Two pianists show the difference between playing and performing
On Sunday afternoon, I heard a live performance of a piece I’d just reviewed a few months before: Igor Stravinsky’s four-hand piano version of his seminal “The Rite of Spring,” which caused a veritable riot at its world premiere as a ballet in Paris in 1913. It’s famous for its skewed, off-kilter rhythms and raw drive, and the piano version is made no easier by the fact that the two players have to jockey for room at the keyboard. On Sunday at the Phillips Collection, Dennis Russell Davies, the well-known conductor and pianist, took off his jacket before performing it with his wife, the pianist Maki Namekawa, and observed to the audience that people might want to watch them fighting over who gets to use the pedal.
Both this performance and the one I heard last fall were quite brilliant, but the difference between them was striking. In October at the National Gallery, the duo-piano team Anderson and Roe offered a gleaming, polished reading. On Sunday, Davies and Namekawa presented a dialogue. Anderson and Roe offered sheer power; in Davies and Namekawa’s playing, I heard the specifically pianistic elements of the arrangement emerge, so that it sounded, often, like French piano music. Anderson and Roe showed two voices speaking as one; Davies and Namekawa were distinct individuals, he warmer, powerful and fuller, she insistent and percussive.

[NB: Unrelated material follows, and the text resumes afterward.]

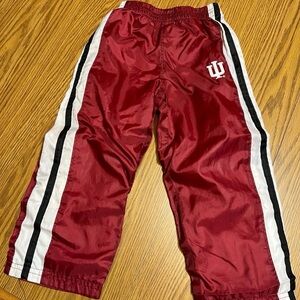 IU windbreaker pants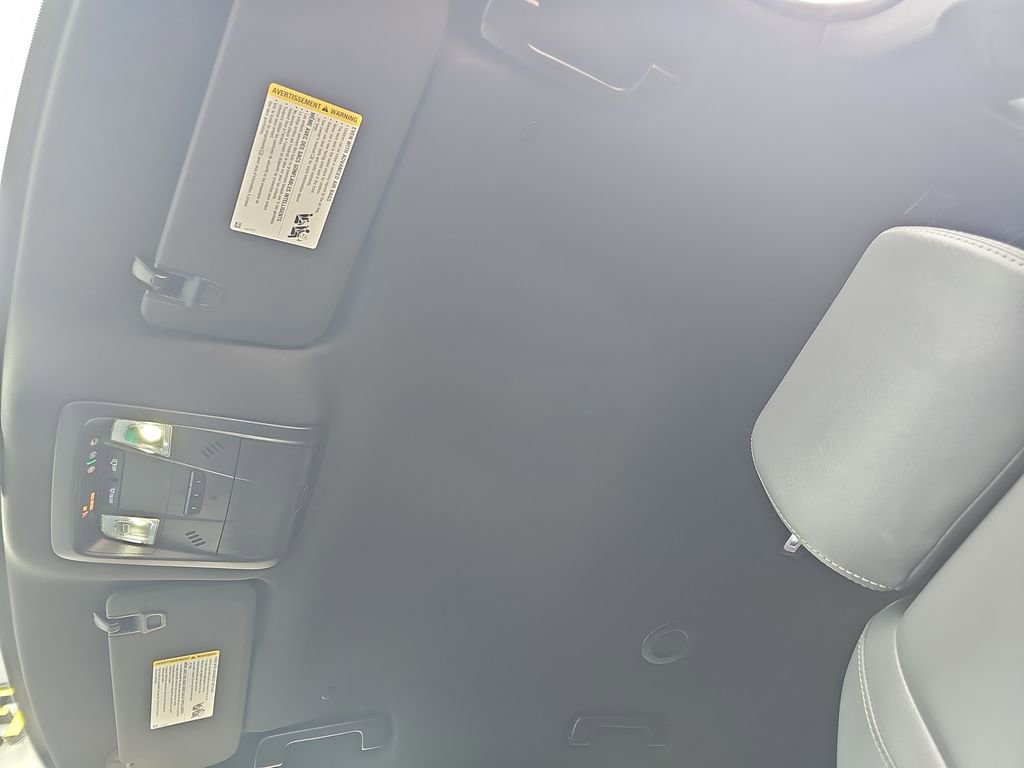 Used 2024 Buick Enclave Premium image 31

And Davies and Namekawa, who have both worked extensively in new music and are known as Philip Glass specialists, had no interest in prettifying the music’s raw edges: They unabashedly reveled in harshness and dissonance and jaggedness, presenting it with a kind of matter-of-factness. The contrast even said something to me about the difference between the United States, where we may expect things to be slightly more formal and shiny, and Europe, where Davies and Namekawa have been based for a couple of decades (he has been music director of the Bruckner Orchestra Linz for 15 years) and where their duo piano recitals have been enthusiastically received by music lovers.
The program was beautifully put together, with a web of interconnections between the pieces and making a strong case for unfamiliar music. It opened with Shostakovich’s Concertino for Two Pianos, a work that shows off the composer’s more antic side and offered another Russian voice along with the Stravinsky. After intermission came a piano suite that the Austrian composer Kurt Schwertsik, now in his 80s, created for his own “Macbeth” ballet, filled with touches both sinister and humorous, and containing some of the kinds of repetitions that evoke the idea of minimalism, a la Glass.
The afternoon culminated with a piece as powerful and weighty as the Stravinsky: Glass’s “Four Movements for Two Pianos.” Glass has as distinctive a language as any composer who has ever lived, but those who hear in it no more than repetition would be challenged by the massive intensity, scope and variety and emotional power and sheer motion of these four contrasting miniature works.
Though the program contained only music written in the past 104 years, it was anything but daunting, and the performers, smiling at each other and at the music, emphasized “playing” rather than “performing,” with all the artificial earnestness that the latter entails. It was a performance given by people who cared more about the music than about what you, or I, or anybody thinks of it — a performance at once intimate and uncompromising, a concert given by two working musicians, at work.